Jean Clémentin, ex-journaliste du Canard Enchaîné accusé d’espionnage, est mort à 98 ans

Surnommé « Tintin », il aurait assumé ses premières sympathies pour le bloc de l’Est pendant la guerre d’Indochine, écœuré par les méthodes de l’armée coloniale française. Il était aussi décrit par son officier traitant comme un homme qui aimait l’argent.

Il aurait participé à trois opérations de désinformation, en publiant dans Le Canard enchaîné des articles conçus par la StB, les services secrets tchécoslovaques. (Illustration) LP/Cidjy Pierre
Il aurait participé à trois opérations de désinformation, en publiant dans Le Canard enchaîné des articles conçus par la StB, les services secrets tchécoslovaques. (Illustration) LP/Cidjy Pierre

    Le journal s’était tourné vers l’investigation « sous son impulsion ». Le journaliste Jean Clémentin, ancienne grande plume du Canard Enchaîné accusée d’avoir été un espion de l’Est dans les années 1960, est « décédé le 5 janvier à 98 ans », a annoncé ce mercredi l’hebdomadaire satirique.
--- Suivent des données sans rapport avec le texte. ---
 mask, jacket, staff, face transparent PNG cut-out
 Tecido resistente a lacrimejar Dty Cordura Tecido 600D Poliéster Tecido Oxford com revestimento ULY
    « Durant les années 1970-80, (Jean Clémentin) avait été l’un des piliers du Canard Enchaîné », rappelle dans un entrefilet le journal. Jean Clémentin « dit Tintin, dit Jean Manan », avait rejoint l’hebdomadaire en 1960, après avoir travaillé pour l’Associated Press pendant la guerre d’Indochine (1946-1954), puis à « Combat », aux « Temps modernes » et à « Libération » (fondé par Emmanuel d’Astier de La Vigerie et publié de 1941 à 1964).

    L’auteur d’ouvrages comme « Quasi » et « Les poupées de Kirchenbronn » avait pris sa retraite de journaliste en 1989 pour se consacrer à la littérature. Mais il est revenu dans l’actualité l’année dernière : une enquête de l’Obs l’accusait alors d’avoir été, de 1957 à 1969, un « espion stipendié (payé, corrompu) des Tchécoslovaques, donc du camp soviétique ». La Tchécoslovaquie, scindée depuis 1993 en deux États (République tchèque et Slovaquie), était alors un État satellite de l’Union soviétique.

    Opérations de désinformation

    « Pipa » (son nom de code) a « remis pas moins de 300 notes, au cours de 270 rencontres en France et à l’étranger », relevait l’Obs, s’appuyant sur un dossier du StB, les services secrets tchécoslovaques, exhumé par un historien. Il a également « participé activement - et consciemment - à trois opérations de désinformation, en publiant dans Le Canard enchaîné des articles conçus par la StB ». « Nous ne sommes évidemment pas au courant, nous sommes sidérés », avait affirmé l’année dernière Nicolas Brimo, directeur actuel du Canard.



    Jean Clémentin aurait assumé ses premières sympathies pour le bloc de l’Est pendant la guerre d’Indochine, écœuré par les méthodes de l’armée coloniale française, avant de collaborer avec un membre de l’ambassade tchécoslovaque à Paris.

    Appât du gain

    Attiré par les « démocraties populaires » de l’Est mais aussi par « l’appât du gain », il était décrit par son officier traitant comme un homme qui « aime l’argent », revendique « cinq maîtresses » et n’a pas les revenus suffisants pour subvenir à son train de vie.

    Protégé de toute poursuite par la prescription, Jean Clémentin « n’avait pu répondre à ses détracteurs » l’année dernière en raison d’une « santé chancelante », affirme ce mercredi le Canard Enchaîné. « Fin de partie. Tchèques et mat ! », conclut le journal.